── SUPPLIED ENTRIES ──
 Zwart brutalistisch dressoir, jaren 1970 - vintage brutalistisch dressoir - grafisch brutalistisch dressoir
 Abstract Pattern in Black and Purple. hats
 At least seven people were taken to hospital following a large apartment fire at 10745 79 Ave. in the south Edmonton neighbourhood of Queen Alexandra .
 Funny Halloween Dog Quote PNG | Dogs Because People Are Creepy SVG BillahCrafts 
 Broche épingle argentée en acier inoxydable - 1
───
── SUPPLIED ENTRIES ──
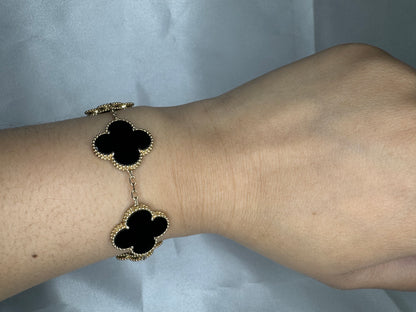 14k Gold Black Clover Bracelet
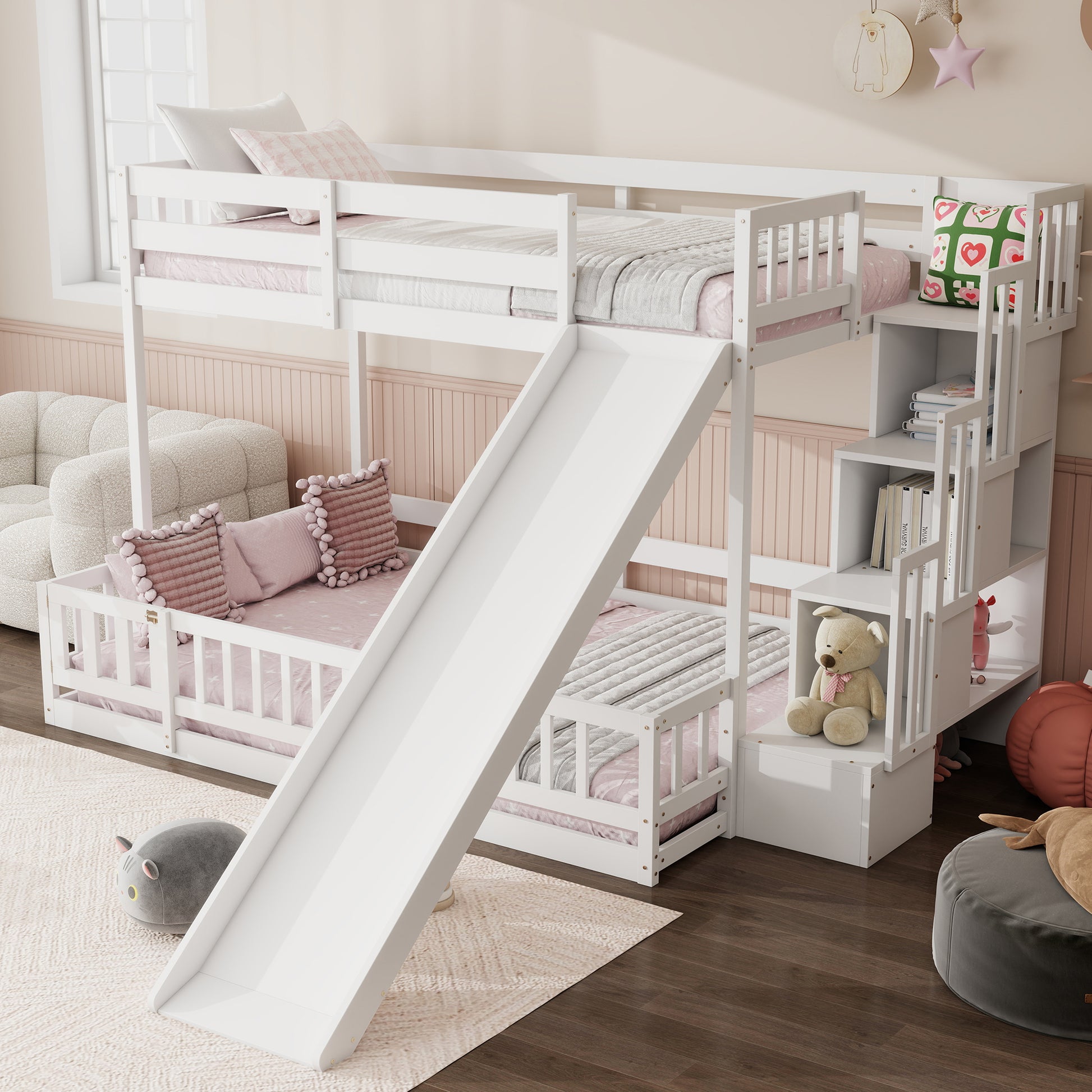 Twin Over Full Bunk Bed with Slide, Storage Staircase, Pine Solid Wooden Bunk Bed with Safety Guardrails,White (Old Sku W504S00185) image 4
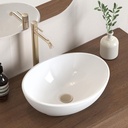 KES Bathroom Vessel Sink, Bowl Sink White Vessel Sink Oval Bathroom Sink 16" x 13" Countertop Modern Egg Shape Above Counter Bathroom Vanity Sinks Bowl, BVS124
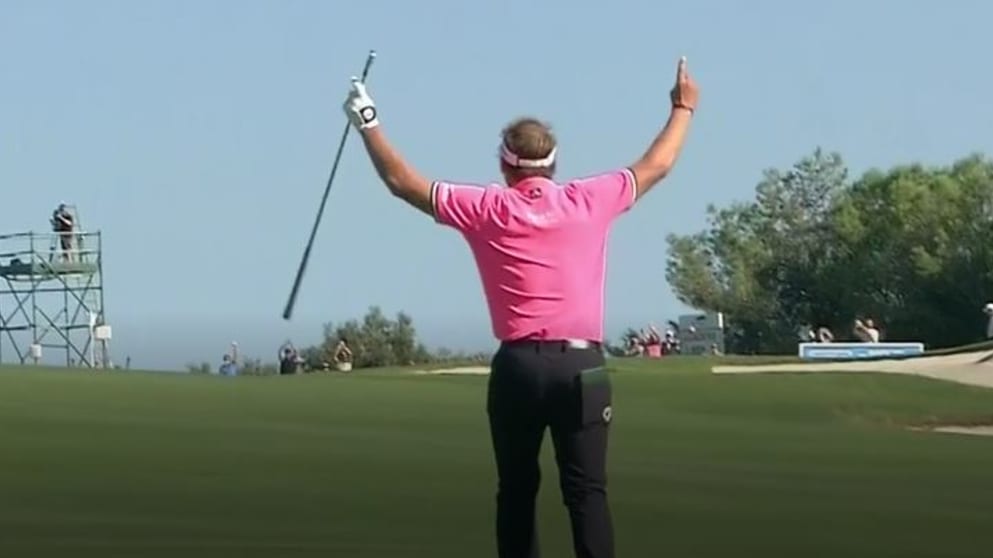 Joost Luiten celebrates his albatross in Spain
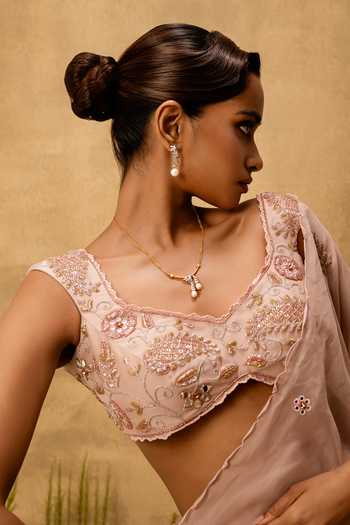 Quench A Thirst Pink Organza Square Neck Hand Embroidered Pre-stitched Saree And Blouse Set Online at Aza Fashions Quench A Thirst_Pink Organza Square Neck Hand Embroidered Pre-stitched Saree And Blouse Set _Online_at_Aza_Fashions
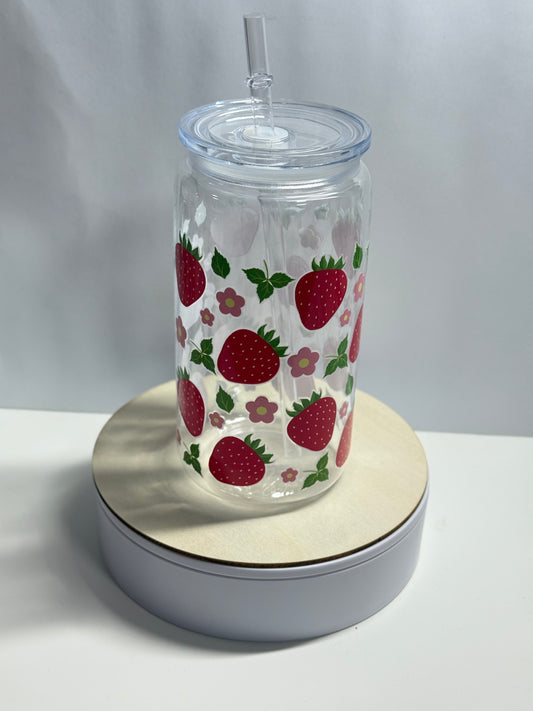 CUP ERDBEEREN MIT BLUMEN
───
EXERCISE REQUIREMENTS: For this exercise, repeat exactly the lines of the data above from the one with "Funny Halloween Dog" down to the one with "Broche épingle argentée", both end lines included.

OUTPUT FOR THIS EXERCISE:
 Funny Halloween Dog Quote PNG | Dogs Because People Are Creepy SVG BillahCrafts 
 Broche épingle argentée en acier inoxydable - 1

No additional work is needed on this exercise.